The women are bustling around the house, putting the best covers on the cushions, scrubbing the floors, and Haranguing each other loudly.

The butcher arrives late and flustered around ten thirty in the morning.   Eid is a crazy time for the Moroccan butchers.  Every household in the country has acquired at least one goat or sheep, and on the morning of Eid, they are all slaughtered.   Many families do the butchering themselves, but middle class people usually employ butchers, who make hundreds of hasty house calls throughout the morning.

The family gather on the roof terrace, the sheep are brought out, and the carnage commences.   The butcher works swiftly and efficiently.   The animal is dropped on the ground, the throat cut with a razor sharp blade.   Once the animal is dead, the head is removed.  The butcher inflates the skin of the carcass by blowing into the flap of skin around the leg joint.   The skin and meat separate neatly, and the carcass is hung and skinned.  In an hour both animals are completely butchered.
The tripe, lungs, heart, kidneys, stomach – all are kept, and are cooked in different ways.  The head is barbecued whole,   and then split in half using a cleaver and hammer.

( Inflating the hide to make skinning easier. )

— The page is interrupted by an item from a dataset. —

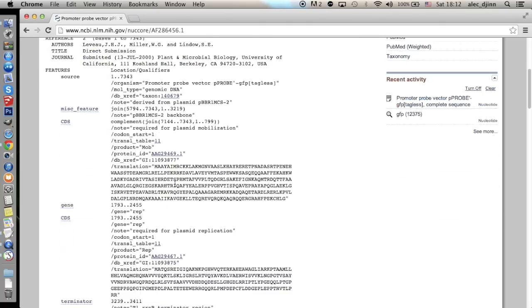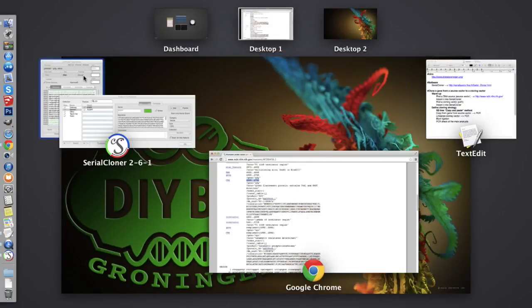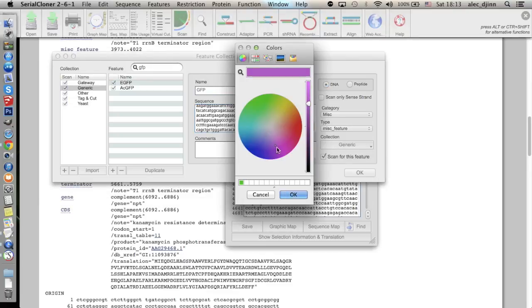First of all, we need to locate the exact sequence that codes for GFP. This information can be found on the NCBI web page we have loaded in the browser. We can see the protein sequence of GFP, but what we are looking for is the genetic code. This line gives the position in the sequence where we can find it. We input these numbers into the text box in the sequence window in Serial Cloner, and hitting enter selects the sequence between those indices. The sequence starts with an ATG codon — a classic methionine start codon. Now let's copy the selected sequence and add a new entry feature by clicking the plus button. We insert the name of the feature, GFP, paste its sequence, and assign it a color — let's pick purple — so we can spot it easily.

( Witnessing the process is important religiously. )

Nia and I help to carry the carcasses to the butchers shop where it is jointed.  When we get back, the meat goes into the kitchen and the cooking begins.
Ouma’s family are busy and animated all day.  The men light a small coal fire in the living room, and everyone sits around talking, and making kebabs with sliced liver, fat and heart.   The atmosphere in the apartment is soon thick with smoke and savoury smells.   Everyone’s eyes are streaming, and the smoke induced tears seem to be a trigger for emotional expressions of affection and happiness.
As the haze thickens and we sit munching on the tastiest lamb I have ever eaten, it is easy to imagine we are in a tent in the desert.

Friends and family come and go.   The women cook and argue all day, and late into the night.   I say “Salam Alaikum” so many times people actually start to understand what I am saying, despite my accent.
Everyone makes us feel welcome, and comfortable, and Ouma and her mum are perfect hosts.  ( I am astonished when Ouma tells me they have had something like 1500 BeWelcome couch surfing guests in the last 2 years!  Bravo! )

The climax of the party is the serving of the sheep heads.  I tuck in bravely.  Ouma insists I taste the brain, and the eyes, so I take a deep breath and…  it’s delicious.  Seems like anything Ouma’s mum cooks is good.  Now I’ve eaten brain I feel like a real adventurer.  Or maybe a zombie.  Hey, either is cool!

Many things about Eid Al Adha are exotic and unfamiliar, but one thing reminds me of Aussie Xmas a lot; sitting on the couch surrounded by laughing happy people, too full of good food to move.
We are so used to commercialised, secular festivals.  Eid in Morocco is exciting, real and sensual.  There are no frills, no glamour, but lots of intensity.
On a culinary note; as an Australian I consider myself a BBQ conosieur.  Moroccan lamb is a 10/10.

( Tripe, intestines, everything is cleaned and cooked. )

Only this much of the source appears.